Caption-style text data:
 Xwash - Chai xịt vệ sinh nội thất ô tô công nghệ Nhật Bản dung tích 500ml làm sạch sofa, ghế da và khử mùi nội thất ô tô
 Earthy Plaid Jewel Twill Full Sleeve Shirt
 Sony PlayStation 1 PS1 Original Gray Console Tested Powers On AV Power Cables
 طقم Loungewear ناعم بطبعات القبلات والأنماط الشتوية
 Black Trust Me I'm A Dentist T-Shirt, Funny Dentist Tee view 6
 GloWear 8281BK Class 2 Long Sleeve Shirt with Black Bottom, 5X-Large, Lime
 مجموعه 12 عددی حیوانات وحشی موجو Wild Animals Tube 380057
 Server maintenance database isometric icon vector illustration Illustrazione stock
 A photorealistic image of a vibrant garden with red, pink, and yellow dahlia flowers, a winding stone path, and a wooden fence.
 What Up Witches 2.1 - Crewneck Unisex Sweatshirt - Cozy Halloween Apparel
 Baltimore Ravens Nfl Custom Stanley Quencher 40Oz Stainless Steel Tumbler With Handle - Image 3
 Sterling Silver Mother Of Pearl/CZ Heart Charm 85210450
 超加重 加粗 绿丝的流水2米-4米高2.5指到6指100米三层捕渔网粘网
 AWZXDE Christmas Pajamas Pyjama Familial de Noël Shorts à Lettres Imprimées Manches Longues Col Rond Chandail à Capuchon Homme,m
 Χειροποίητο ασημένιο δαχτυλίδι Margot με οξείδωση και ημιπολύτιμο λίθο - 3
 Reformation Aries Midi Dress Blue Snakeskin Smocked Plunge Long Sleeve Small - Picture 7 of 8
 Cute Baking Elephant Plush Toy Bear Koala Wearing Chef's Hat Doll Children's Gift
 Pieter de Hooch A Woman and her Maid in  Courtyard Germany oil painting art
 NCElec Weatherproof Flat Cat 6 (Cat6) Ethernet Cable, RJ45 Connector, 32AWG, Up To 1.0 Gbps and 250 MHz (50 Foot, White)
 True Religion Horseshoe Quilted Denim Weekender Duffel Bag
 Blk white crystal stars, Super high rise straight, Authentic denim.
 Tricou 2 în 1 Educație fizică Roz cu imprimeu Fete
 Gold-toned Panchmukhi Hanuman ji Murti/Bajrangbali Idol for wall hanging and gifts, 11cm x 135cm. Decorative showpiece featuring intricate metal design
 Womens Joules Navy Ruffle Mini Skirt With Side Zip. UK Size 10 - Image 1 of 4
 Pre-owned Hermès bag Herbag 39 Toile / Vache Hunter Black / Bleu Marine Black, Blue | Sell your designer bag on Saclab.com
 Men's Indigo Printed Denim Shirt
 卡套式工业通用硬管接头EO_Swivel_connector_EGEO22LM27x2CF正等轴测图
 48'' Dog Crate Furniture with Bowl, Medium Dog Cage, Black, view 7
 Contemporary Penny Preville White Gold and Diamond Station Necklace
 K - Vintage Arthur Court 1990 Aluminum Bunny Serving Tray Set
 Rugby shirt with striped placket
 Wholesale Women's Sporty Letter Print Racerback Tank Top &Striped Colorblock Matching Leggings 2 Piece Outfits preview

# Instructions for the task
Only those lines of the entries above that run from the line containing "Pre-owned Hermès bag" to the line containing "Rugby shirt with striped placket", both included, should be transcribed exactly.

# Solution for this task
 Pre-owned Hermès bag Herbag 39 Toile / Vache Hunter Black / Bleu Marine Black, Blue | Sell your designer bag on Saclab.com
 Men's Indigo Printed Denim Shirt
 卡套式工业通用硬管接头EO_Swivel_connector_EGEO22LM27x2CF正等轴测图
 48'' Dog Crate Furniture with Bowl, Medium Dog Cage, Black, view 7
 Contemporary Penny Preville White Gold and Diamond Station Necklace
 K - Vintage Arthur Court 1990 Aluminum Bunny Serving Tray Set
 Rugby shirt with striped placket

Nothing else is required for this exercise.